There was some actual news today in Virginia. Apparently with one of the Democrats from their evenly divided state senate away in Washington to see the inaugural, Republicans suddenly brought up and passed a mid-decade redistricting plan. In other words, a basic power grab. Unreal. If one of the states with a Republican legislature just decided to appoint Republican electors for 2016 and forget about the whole election thing, would anyone be surprised?

The good stuff today is all about the speech:

1. Irin Carmon, on going beyond inclusion.

2. This was the “inequality inaugural,” says Timothy Noah; Obama put income inequality front and center.

3. Andrew Sprung sees mainly continuity, with today’s speech continuing the main themes of Obama’s career.

4. “There was a time when merely stating the ideas Obama put forth would have gotten you killed.” Ta-Nehisi Coates, essential as always.

5. Jonathan Chait hears “wariness borne of harsh experience.”

6. Did Obama’s speech give liberals some leverage?

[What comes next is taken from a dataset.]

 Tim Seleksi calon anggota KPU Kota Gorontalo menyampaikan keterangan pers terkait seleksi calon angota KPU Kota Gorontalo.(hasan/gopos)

Digby argues it did.

7. James Fallows: “This was the most sustainedly ‘progressive’ statement Barack Obama has made in his decade on the national stage.”

8. I’m always interested in what Alex Massie notices in American political rhetoric; he found the writing lacking but makes the “liberal Reagan” comparison.

9. Ezra Klein thinks the speech showed how much Obama has changed in four years.

10. Matt Yglesias notes Obama’s “twofold case for the welfare state” — that it’s not only the right thing to care for the needy but also good economics to do so.

11. Don’t miss Andrew Sullivan’s reaction.

12. Brian Beutler focused on Obama’s “spirit of muscular liberalism.”

13. Francis Wilkinson argues that it was a “pretty remarkable document of Obama’s moral vision.”

14, Meanwhile, Atrios calls it a “good start.”

15. And E.J. Dionne says Obama was “unapologetic in offering an argument for his philosophical commitments and an explanation of the policies that naturally followed.”